● Activity: In the records below, the part to copy starts at the line containing "a bathroom with" and goes to the last line; output it exactly, without pictures.

Pictures with short captions
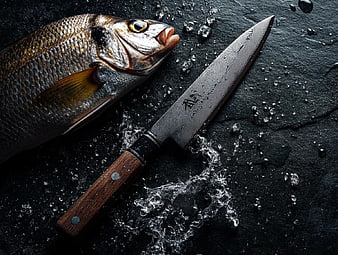 Fresh Whole Fish and Damascus Chef Knife on Dark Slate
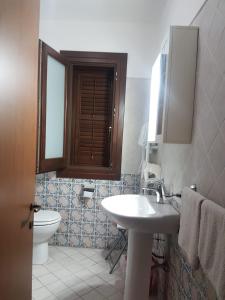 a bathroom with a sink and a toilet at Ippocampo B&B in Licata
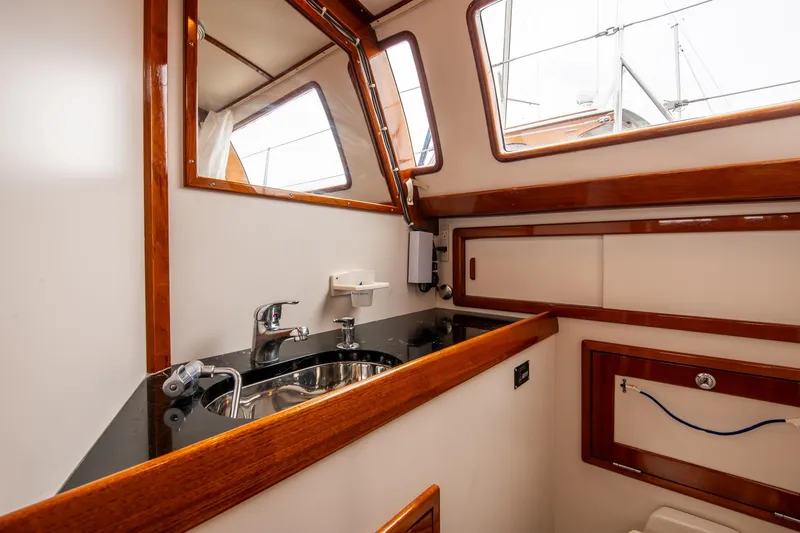 Slide: The Image of Interior of 2007 Morris Ocean Series 45 yacht, featuring a compact sink and wooden accents. - 50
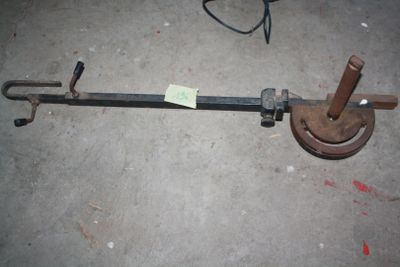 a picture of a metal pipe clamp on the ground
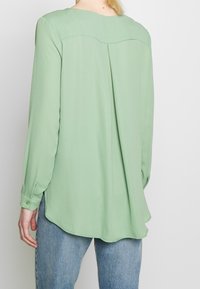 Camicia a maniche lunghe in tessuto verde chiaro, caratterizzata da uno scollo arrotondato, dettaglio piega posteriore e vestibilità ampia con orlo curvo. Abbinata a jeans blu.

● Your response:
 a bathroom with a sink and a toilet at Ippocampo B&B in Licata
 Slide: The Image of Interior of 2007 Morris Ocean Series 45 yacht, featuring a compact sink and wooden accents. - 50
 a picture of a metal pipe clamp on the ground
 Camicia a maniche lunghe in tessuto verde chiaro, caratterizzata da uno scollo arrotondato, dettaglio piega posteriore e vestibilità ampia con orlo curvo. Abbinata a jeans blu.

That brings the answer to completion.